Plans for a massive overhaul of Downtown’s St. James Park have been in the works for years. These plans envision a vibrant urban park with an outdoor concert pavilion, café, and dog parks. The dream is to turn it into an iconic and desirable destination in the core of downtown San Jose.
This central park is deeply rooted in San Jose’s history. First developed in the late 1800s, the 7.5-acre park was surrounded by some of the city’s most notable buildings at the time and was the stage for speeches by President William McKinley and presidential candidate Robert F Kennedy.
In late 2016, the city of San Jose hired CMG Landscape Architecture to revamp the park. Officials had originally hoped to have the project up and running with a groundbreaking in 2020. However, without significant funding, the project’s timeline has been pushed back indefinitely. Currently, the estimated price for this endeavor is around $59.1 million. The project has $7 million in allocated funds and is currently under environmental review.

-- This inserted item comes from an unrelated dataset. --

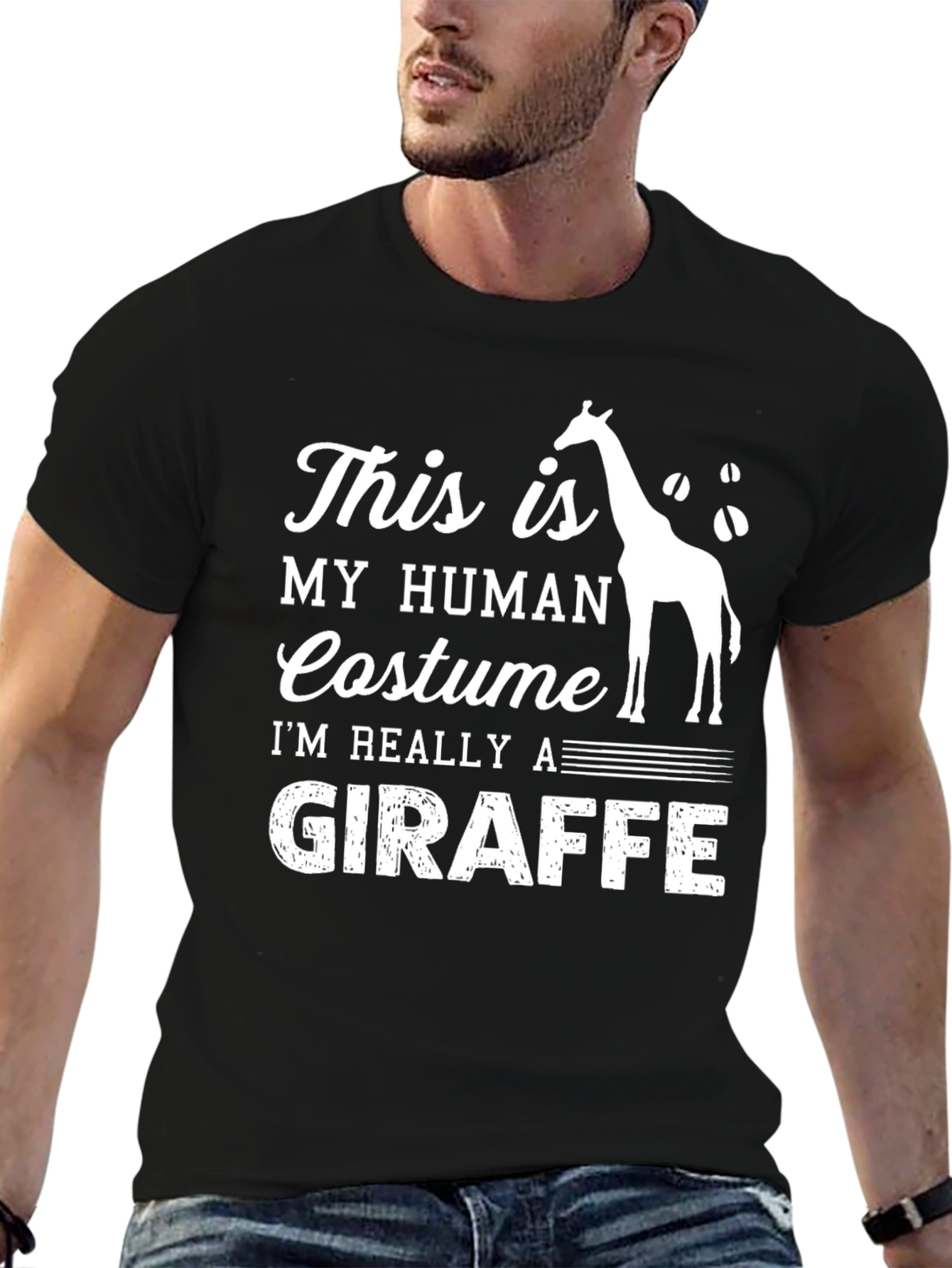 Black Funny Giraffe Costume T-Shirt view 6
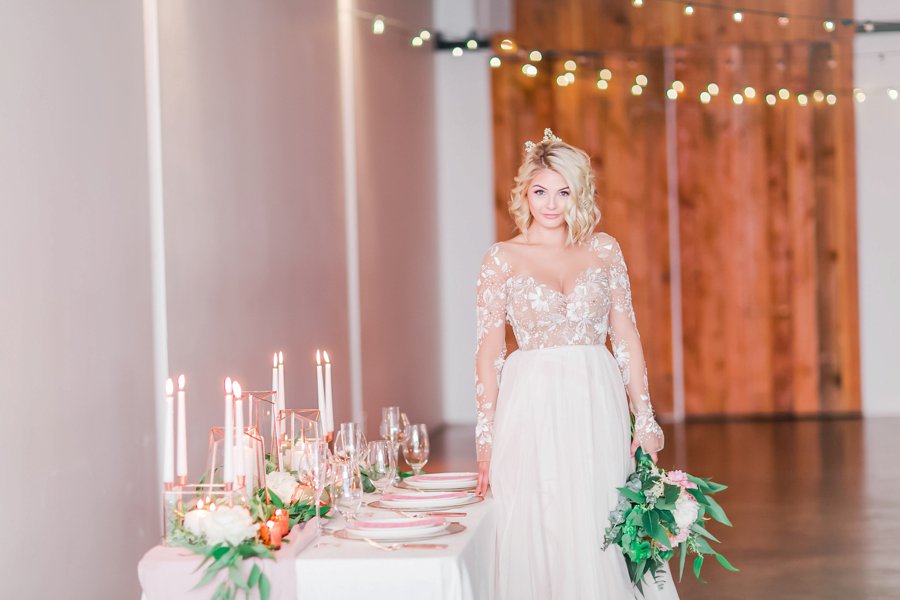 Copper, Blush & Green Modern Romantic Wedding Ideas via TheELD.com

“One of the things that I need to do over the next 4-5 months as the EIR is finalized is to figure out the funding strategy for this,” said Nicolle Burnham, deputy director of capital programs for the city. “How do we move forward, or do we move it forward? Do we move it forward in phases and if so, what does that look like?”
Council member Raul Peralez is in support of phasing the project and believes that through the environmental review we may see aspects of the proposal potentially dropped. One example is The Levitt Pavilion which would accommodate 50 to 300 events annually and hold up to 5,000 people. This component of the design is the most expensive part of the city’s plans.
Peralez stated, “I want to see it (the pavilion) happen, but I don’t want to see that as the detriment of getting the park renovation completed,” the councilman said. “I think we’re getting close to a reality check, and I think we may have to see if there are other ways to value engineer the design in ways to make it more affordable.”